His actions, like many in the Black Power movement, were influenced by the self-determination and self-help teachings of Elijah Muhammad and the Nation of Islam, often through Min. Malcolm X, which helped inspire groups like the Black Panther Party, the Us organization, the Black Congress and the Brotherhood Crusade, and the Student Non-Violent Coordinating Committee (SNCC), which later merged with the Panther Party.
During an Urban Issues Breakfast Forum, which he attended in Los Angeles before heading to Beijing, Mr. Smith presented his new book, “Silent Gesture: The Autobiography of Tommie Smith” and he encouraged young athletes to address the issues in their communities and not simply when they arrive at the Games.
Failure to speak out will help keep people of color relegated to second-class citizenship, said Mr. Smith.
Young athletes have to be taught early by educators and school administrators through curriculum, and not just after they reach pro-status, he added.
“Inundate them with opportunities, such as coming to events to talk about themselves. We need to get them involved, almost through threats, because otherwise they’re not going to do it. They will sit behind what they have, which is money, but they’re in a situation now where they are so lost,” Mr. Smith observed. Today’s athletes don’t have political and social mentors like Dr. Edwards and the Olympic Project for Human Rights, he said.
Most Black athletes realize that there is a problem and see the need for their voices, but are afraid to lose financial and social gains attached to the dollar bill, Mr. Smith continued. “And athletes nowadays are not willing to make that sacrifice in order to be heard, so they’re status quo and that’s hurting their surroundings,” he said.
According to Dr. Edwards, issues facing Black athletes are more complex. During the 1960s America was engaged in a genocidal war in Vietnam, while fighting to maintain segregation, inequality and depriving its Black citizens of equal opportunity under the law. U.S. practices created an American-style apartheid.

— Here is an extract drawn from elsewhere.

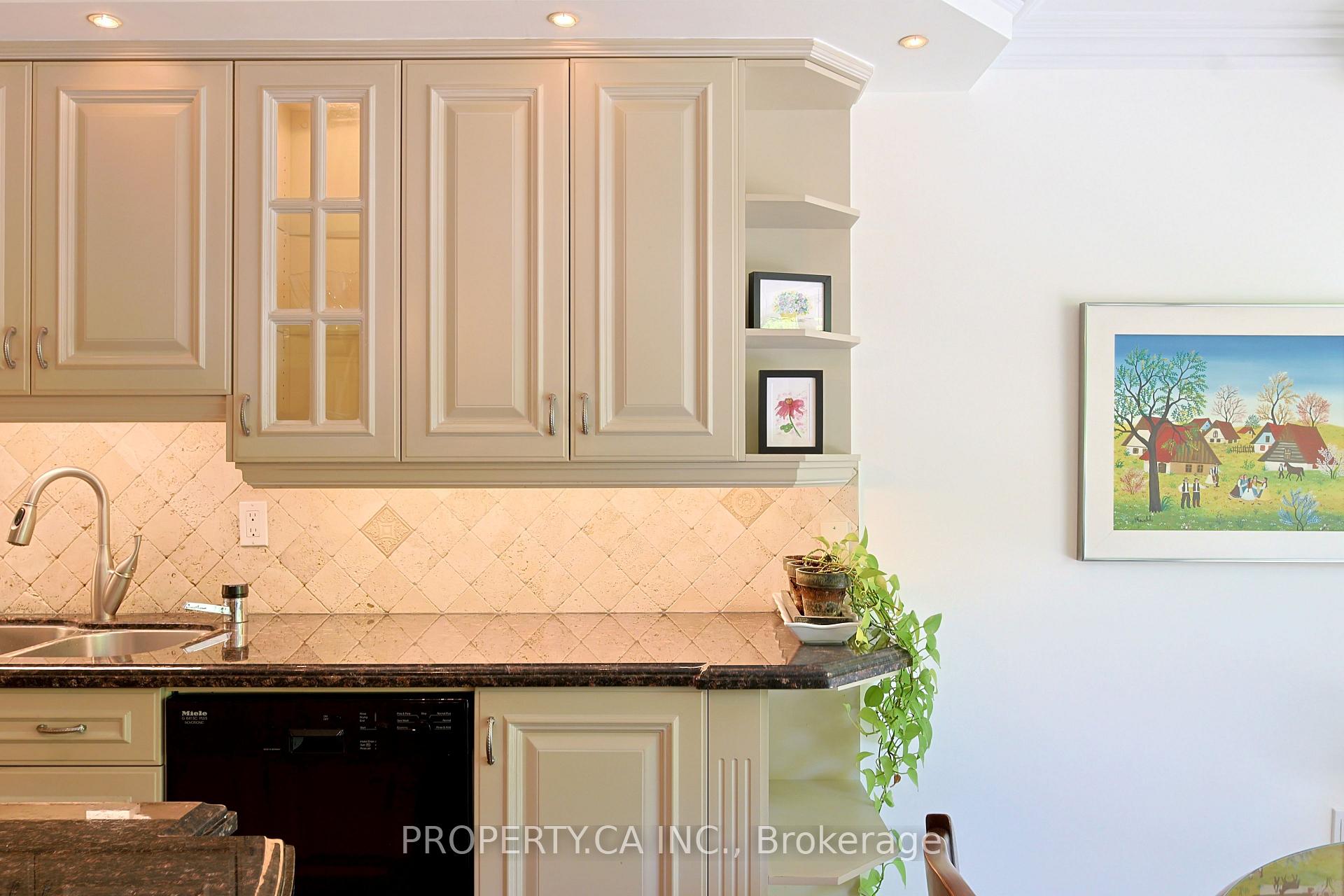 Photo 14 of Unit 203, 18 Lower Village Gate, Toronto, Forest Hill South — HOMEH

Athletes sometimes played in entirely segregated conferences and faced barriers to sports opportunities outside the locker room because they were Black, he said.
“It’s no longer an issue of straightforward segregation, but it’s an issue of a lack of emphasis and government intervention and so forth in communities which have in some instances substantially collapsed institutionally,” Dr. Edwards said.
The phenomenal opportunities athletes have today are the result of past struggles, so there is a great deal more at stake, said Dr. Edwards. “The money has become so big, the athlete today is literally a walking corporation, such as LeBron James, Tiger Woods, Carmello Anthony, Michael Jordan and Magic Johnson,” he said.
Despite the money, the Black athlete has an obligation to remain socially and politically aware, said Dr. Edwards. “Muhammad Ali had a heck of a lot at stake when he took his stand, and without question, so did Bill Russell when he supported various organizations, civil rights activists and marches,” Dr. Edwards noted.
Dr. Edwards argued a lack of historical continuity with the methods, dispositions, orientations and attitudes of the previous generation does not mean the outspoken Black athlete will never be seen again.
“Just as our generation was different than the generation of Joe Louis, Jesse Owens and Jackie Robinson, the next generation of athletes and leadership to emerge will be different than our generation. I just hope that we are smart enough not to fight them, and say ‘that’s not the way it’s done’ because they’re going to do what they have to do within their generational context,” Dr. Edwards said.